## EXERCISE BRIEF
Write down the listing again exactly as it appears below, without its pictures.

## DATASET EXTRACT
########
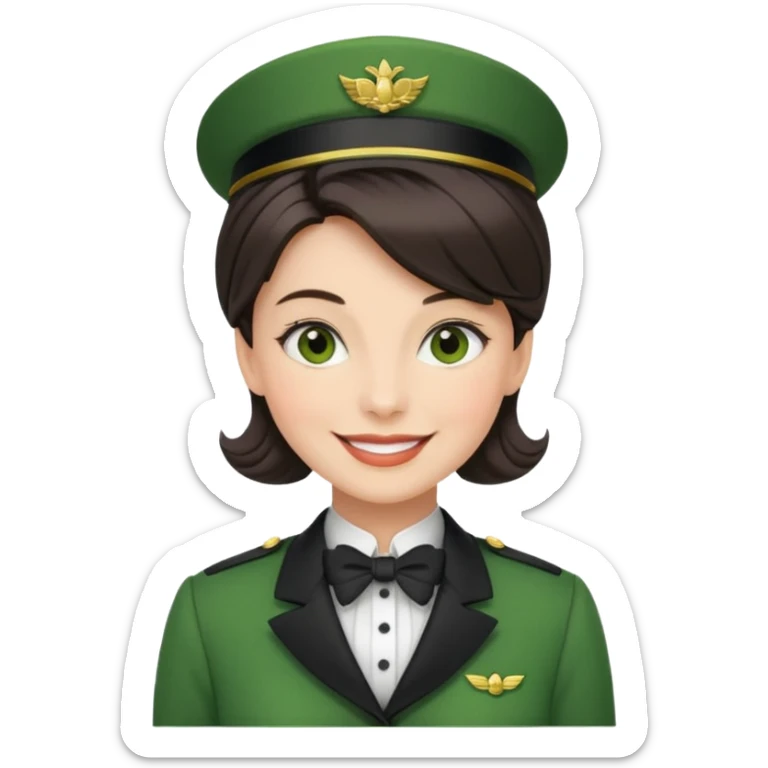 Lady butler with tigh hair and green uniform sticker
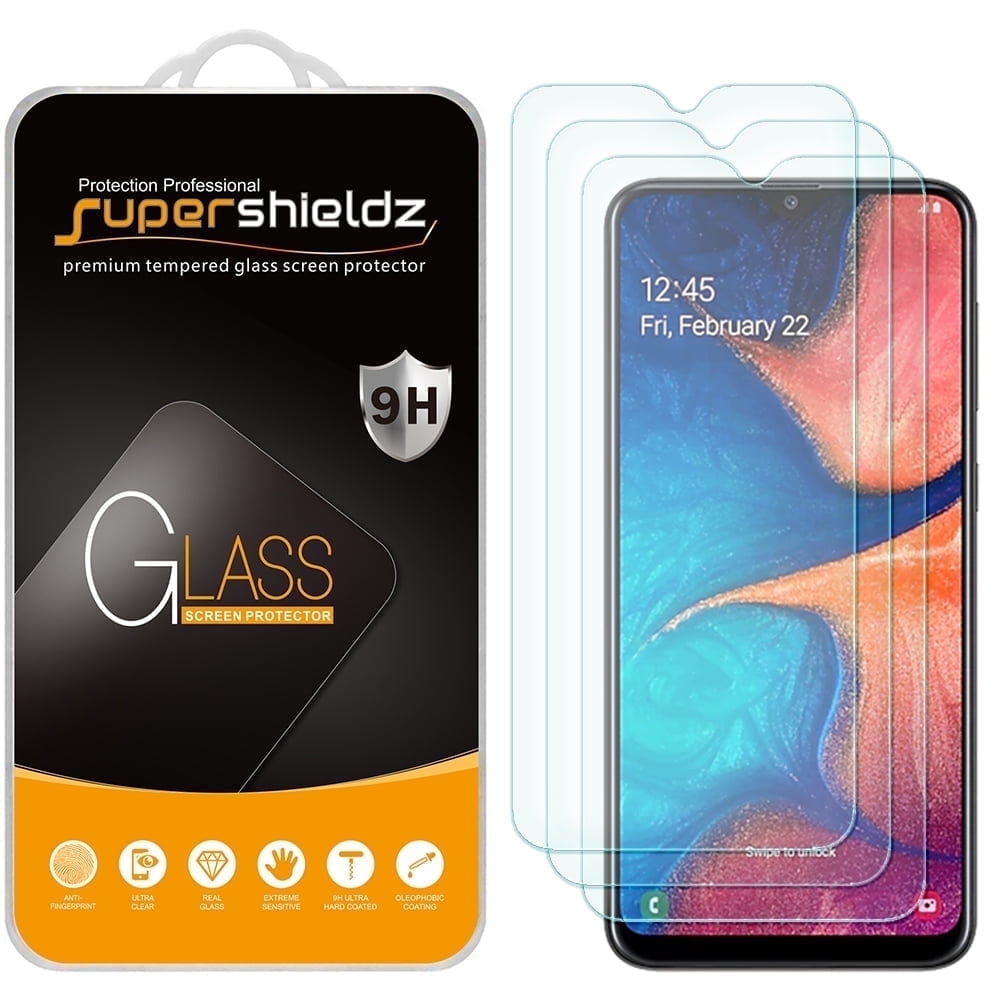 Supershieldz Designed for Samsung Galaxy A20 Tempered Glass Screen Protector, Anti Scratch, Bubble Free (3 Pack)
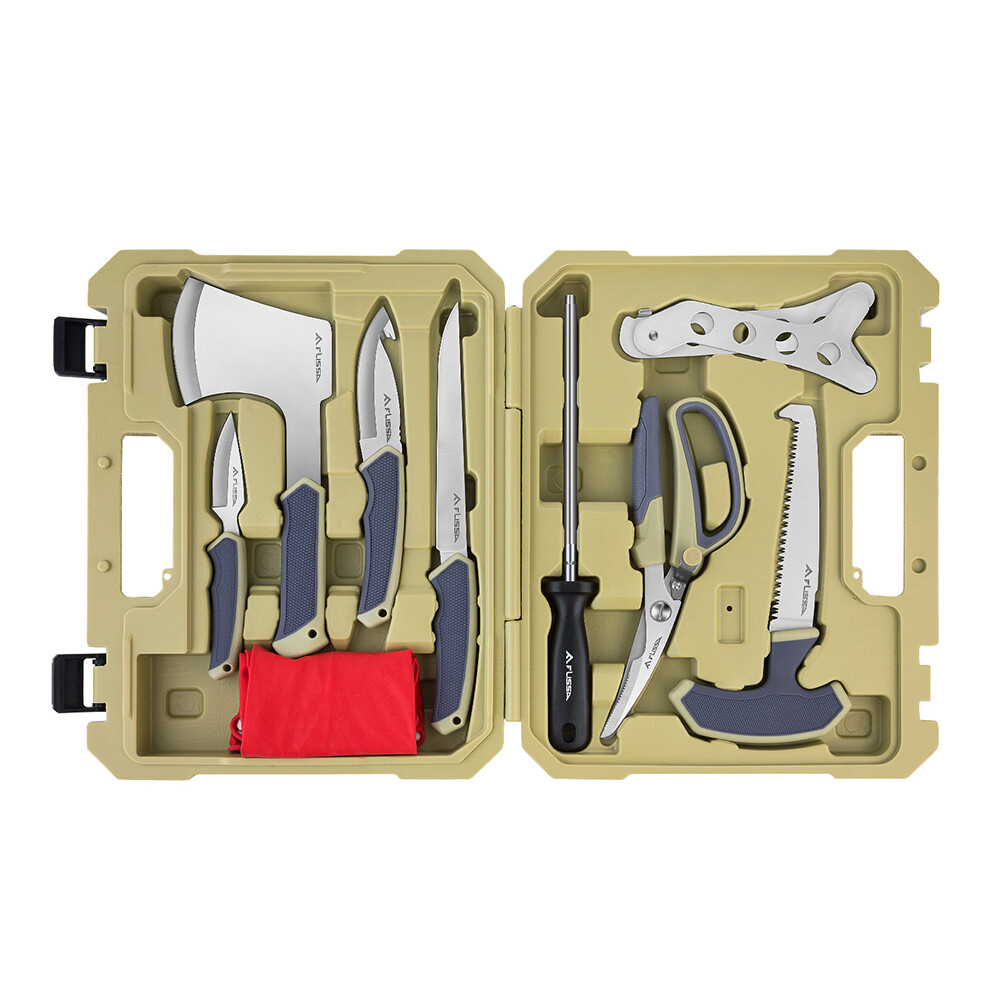 Field Dressing Hunting Knife Set 10PC Skinning Knife Butcher Game Processing Kit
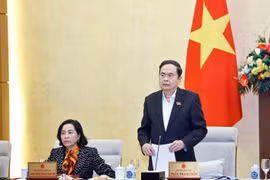 El presidente de la Asamblea Nacional, Tran Thanh Man, habla en la conferencia (Fuente: VNA)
########
## ANSWER BOX
 Lady butler with tigh hair and green uniform sticker
 Supershieldz Designed for Samsung Galaxy A20 Tempered Glass Screen Protector, Anti Scratch, Bubble Free (3 Pack)
 Field Dressing Hunting Knife Set 10PC Skinning Knife Butcher Game Processing Kit
 El presidente de la Asamblea Nacional, Tran Thanh Man, habla en la conferencia (Fuente: VNA)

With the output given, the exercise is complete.